Des hauts et des bas mais une poursuite de partenariat

C’est en 2011, que le premier financement de la SIDI a eu lieu, son objet était le pré financement des coopératives membres de l’UCLS afin de leur permettre d’acquérir des fèves de cacao certifiées bio pour pouvoir ensuite les exporter (12,5 tonnes, équivalent à 1/2 container « standard »). Aujourd’hui, les financements de la SIDI permettent à l’UCLS d’exporter près de 250 tonnes par an de fèves de cacao certifiées bio. Ce partenariat n’a pas été linéaire car l’UCLS a subit des ralentissements dans son activité et des détournements, qui ont mené à la suspension des financements de la SIDI en 2016. Mais la SIDI, avec d’autres acteurs, a continué d’appuyer l’Union par de l’accompagnement, notamment le renforcement de la fonction comptable de l’organisation.

Des résultats aujourd’hui

Au-delà des résultats quantitatifs, les volumes passant de 12,5 tonnes de cacao exportées en 2011 à près de 250 tonnes aujourd’hui, l’UCLS a progressé dans son organisation, dans sa portée et dans la fidélisation de ses membres. Elle est passée de 6 coopératives au début de son activité à près de 20 aujourd’hui, entre 300 à 400 producteurs selon les années, qui lui fournissent des quantités croissantes de cacao. La relation est établie et la confiance présente pour que les producteurs approvisionnent régulièrement leurs coopératives (au lieu d’aller vendre à d’autres).

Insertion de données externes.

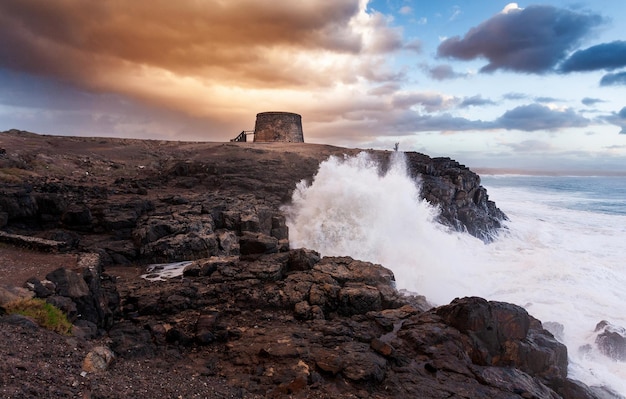 tramonto davanti alla storica fortezza di El Cotillo, Fuerteventura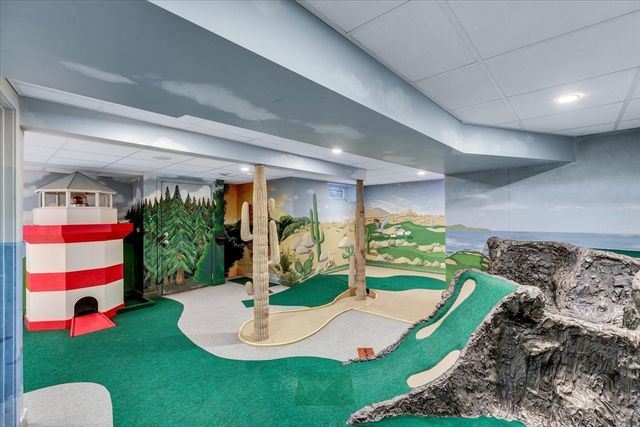 100 The Paddock Cir, Mashpee, MA 02649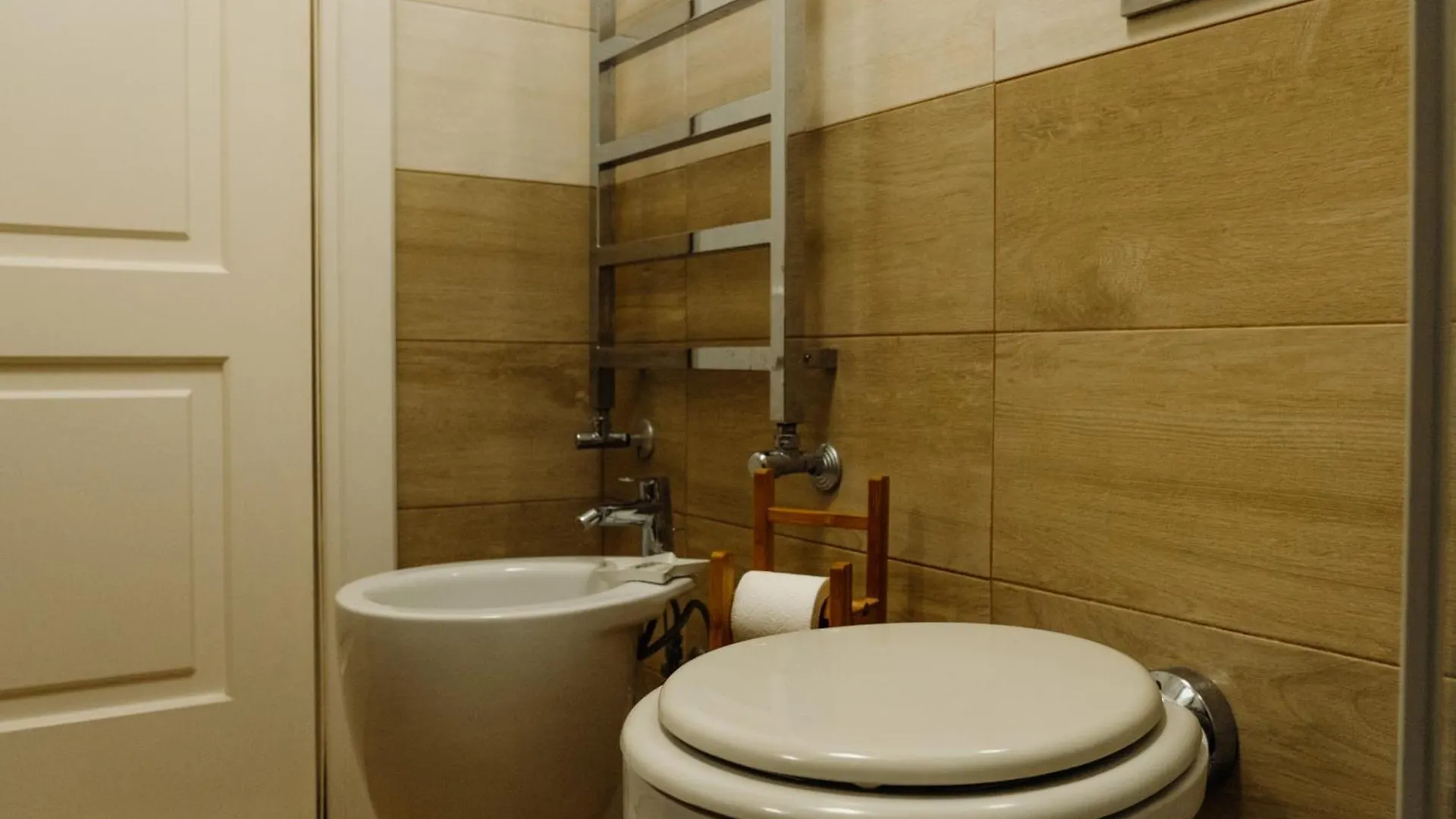 Lo Specchio Dei Papiri Bed & Breakfast Naples Italy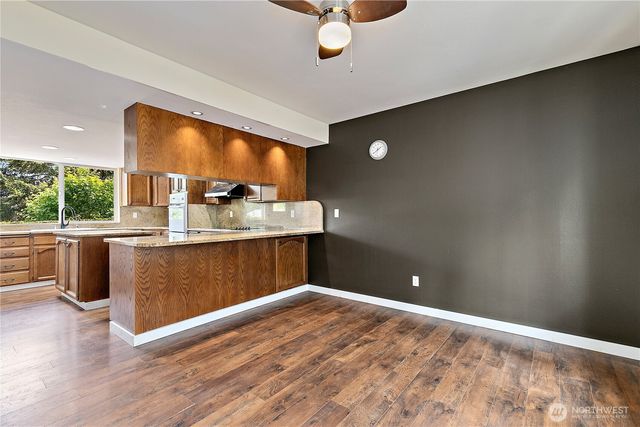 3601 70th Avenue W, University Place, WA 98466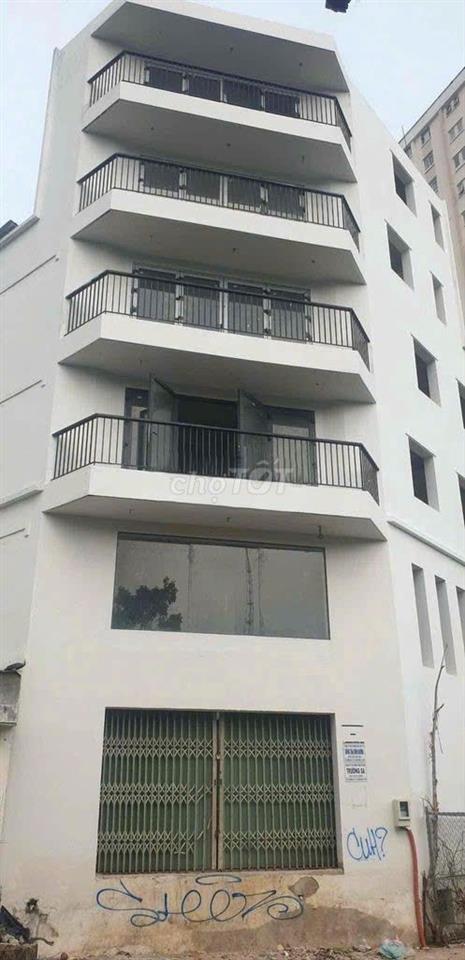 MT Trường Sa, nhà xây không hết diện tichs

Bien qu’ayant dû faire face aux difficultés évoquées plus haut, l’organisation s’est adaptée aux besoins de ses membres. Elle a réussi à structurer 20 petites coopératives et les a appuyé notamment dans le processus de certification par des agents agricoles de l’Union. En dépit de l’état des infrastructures, l’UCLS parvient à envoyer régulièrement ses containers de cacao pour répondre aux contrats annuels passés avec Ethiquable et Valrhona[iv]. Aujourd’hui, l’UCLS appréhende les campagnes de collecte avec un peu plus de sérénité. Ses ressources de financement de campagnes sont plus diversifiées (autofinancement, financement SIDI, avance acheteur, crédit fournisseur) et plus importantes.

Et des défis

Malgré la situation liée à la pandémie du COVID-19, la SIDI et l’UCLS veulent poursuivre leurs collaborations. L’approche de long terme de la SIDI permet d’aborder certains défis comme le renforcement administratif de la structure sans trop alourdir ses process et ses coûts, l’augmentation des revenus pour les producteurs, l’intégration des plus petits producteurs dans les coopératives, et l’encouragement des jeunes à se lancer dans les exploitations cacaoyères.

Jean-Marie CAVARROC,

Chargé de Partenariats de la SIDI


[i] Association pour le Développement de l’Agriculture et du Paysannat du Sambirano (ADAPS)
[II] Agriculteurs français et développement international (Afdi), association de solidarité internationale qui construit des partenariats entre les mondes agricoles français et ceux des pays en développement.
[III] Ethiquable est une entreprise coopérative française spécialisée dans la vente de produits bio issus du commerce équitable.
[IV] Valrhona est une entreprise de l’agroalimentaire française spécialisée dans la transformation du cacao.